Association Between Androgen Deprivation Therapy and Deterioration of Glycemic Control and Cardiovascular Risk Factors in Men with Type 2 Diabetes Mellitus

Saad, F(1, 2); Aksam, Y(3, 4); Haider, A(5)

(1)Male Healthcare, Bayer Schering Pharma, Berlin, Germany (2)Research Dept., Gulf Medical College School of Medicine, Ajman/UAE (3)Segeberger Kliniken, Norderstedt-Hamburg / Germany (4)Department of Urology, Gulf Medical College School of Medicine, Ajman / UAE (5)Urology office, Bremerhaven, Germany

Objective: To determine the effects of administration of gonadotrophin releasing hormone (GnRH) agonists on glycemic control and cardiovascular risk factors in 29 men with Type 2 diabetes mellitus. Methods: This is a retrospective analysis of 29 male patients diagnosed initially with Type 2 diabetes mellitus prior to a subsequent diagnosis of prostate cancer being made. Patients were being treated for type 2 diabetes with insulin, and for prostate cancer with androgen deprivation therapy via administration of various GnRH agonists. The following clinical parameters were retrospectively obtained from patient records over a period of up to 24 months on androgen deprivation therapy: Fasting glucose, glycosylated hemoglobin (HbA1c), total cholesterol, high density lipoprotein cholesterol (HDL-C), low density lipoprotein cholesterol (LDL-C), triglycerides, fibrinogen, plasminogen activator inhibitor-1 (PAI-1), tissue plasminogen activator (tPA), C-reactive protein (CRP) and insulin requirement. Results: Over the analysis period, fasting glucose increased from 143.2 ± 26.8 to 187.3 ± 30.2 mg/dL requiring an increase in the insulin dosage from 26.1 ± 7.2 to 48.2 ± 9.9 U/day.
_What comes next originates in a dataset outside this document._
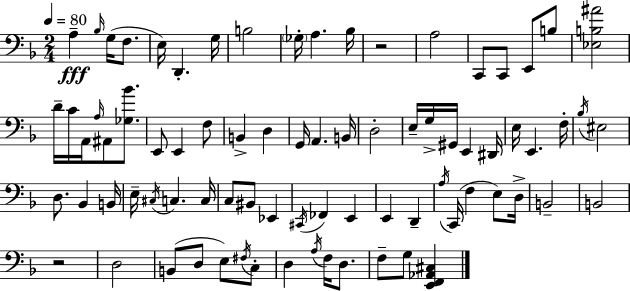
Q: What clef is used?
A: bass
HbA1c levels rose from 6.3 ± 1.0 % to 9.3 ± 1.2 %. The levels of a number of cardiovascular risk factors deteriorated: CRP from 1.3 ± 0.5 to 2.3 ± 0.6 mg/dL, total cholesterol from 252.0 ± 41.1 to 322.3 ± 41.1 mg/dL, HDL-C from 31.4 ± 6.3 to 20.9 ± 2.2 mg/dL, LDL-C from 184.5 ± 16.3 to 229.1 ± 21.0 mg/dL, triglycerides from 207.4 ± 39.3 to 283.9 ± 49.7 mg/dL, fibrinogen from 3.0 ± 1.1 to 13.0 ± 0.6 g/L (data from 13 patients), PAI-1 from 36.9 ± 7.6 to 69.0 ± 14.0 m/L (data from 6 patients), and t-PA from 124.9 ± 36.2 to 185.7 ± 22.3 % (data from 6 patients). Conclusion: In insulin-treated patients with Type 2 diabetes mellitus, androgen deprivation therapy with GnRH agonists may have profound negative effects on glycemic control and increase the risk of development of cardiovascular disease.